Às vésperas do final da atual legislatura e da renovação imposta pelos eleitores em outubro, a Câmara dos Deputados aprovou, por expressiva maioria, projeto que dá margem à ameaça mais consistente já registrada até agora em 18 anos de vigência da Lei de Responsabilidade Fiscal (LRF). O melhor desfecho para o texto deveria ser o veto do presidente Michel Temer, pois a mudança livra de punição municípios que ficarem acima do limite de gastos de 60% da receita com servidores ativos e inativos. Por mais que a crise econômica tenha afetado as receitas das prefeituras, a alteração numa lei que se constitui em garantia de estabilidade fiscal não pode ser vista como solução.

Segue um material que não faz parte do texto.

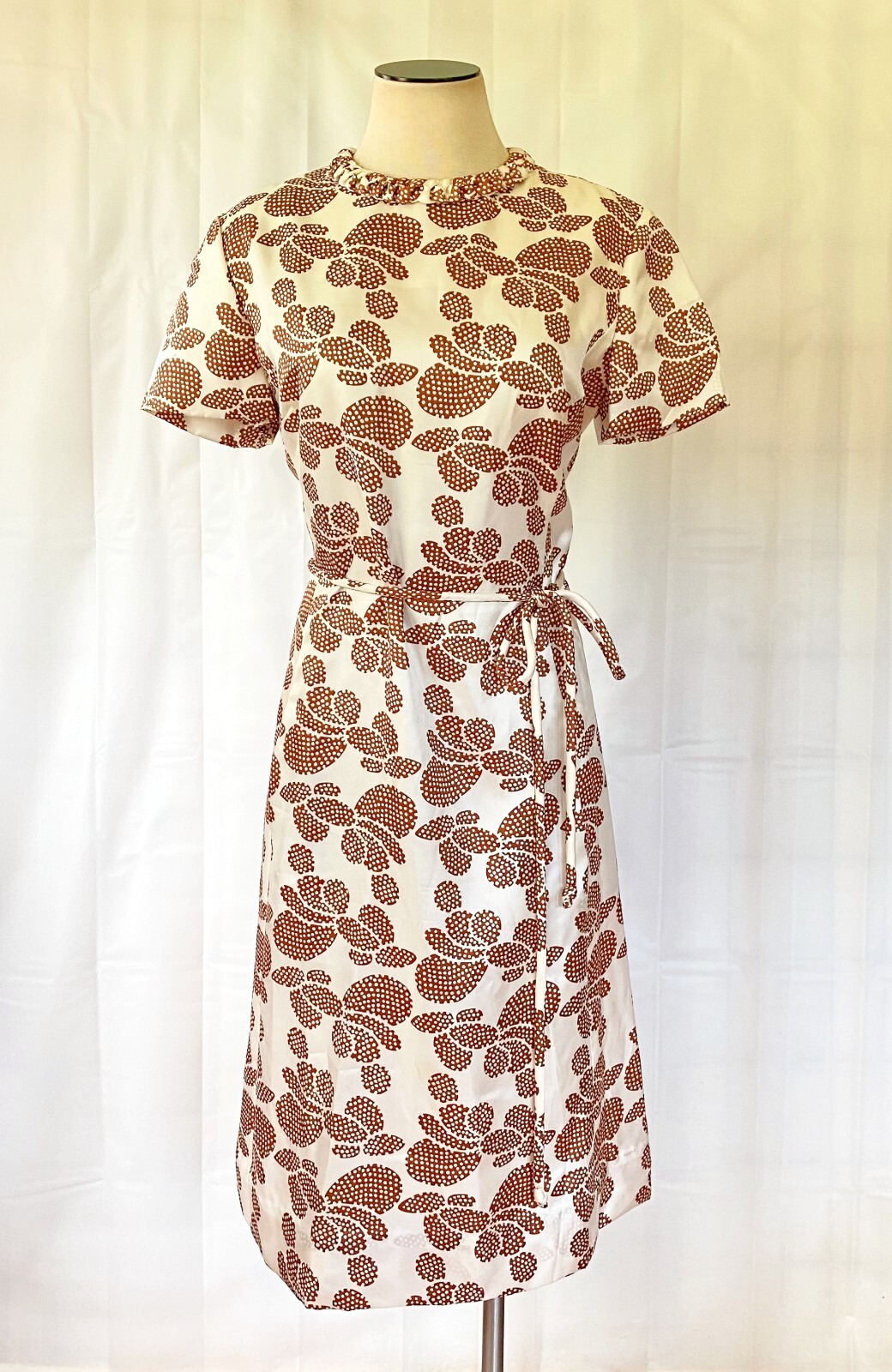 Vintage 1970s Silk Dress by McMullen Ivory White and Light Brown 38 Bust M L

Na prática, a queda na arrecadação de tributos devido à crise econômica faz com que um elevado número de municípios esteja hoje acima do limite legal de gastos com a folha de servidores. Nada menos de 1.163 prefeituras já descumprem a lei. Outras 589 estão diante do risco de ultrapassar o teto de gastos, conforme cálculos de técnicos da Câmara. A situação não é muito diferente da enfrentada pelos Estados. Nada menos de 14 deles já superam hoje o teto fixado para dispêndios com servidores. Em ambos os casos, a questão central está com os servidores inativos, que avançam de forma acelerada sobre as receitas, hoje em queda.
No âmbito das cidades, pelas regras aprovadas pela Câmara, a alteração só vale se a queda na arrecadação for causada por redução nos repasses do Fundo de Participação dos Municípios (FPM) ou royalties e participações especiais. São, portanto, fatores alheios à qualidade da gestão dos municípios. Ainda assim, as alternativas para a crise enfrentada hoje, tanto em âmbito municipal quanto estadual, não podem ser buscadas em tentativas de abrandamento de uma legislação que se constitui em pilar da estabilidade.
É compreensível que, com menos verbas disponíveis para atender às demandas dos munícipes, também crescentes, os prefeitos se empenhem em buscar saídas, até mesmo porque muitos deles estão de olho na perspectiva de reeleição. A situação, porém, deveria motivar saídas mais realistas, que realmente contribuam para adequar as despesas às receitas. Mais próximos dos cidadãos, que residem neles, os municípios precisam se mostrar mais preparados para atender às aspirações das comunidades, em sua maioria associadas a maior bem-estar para todos.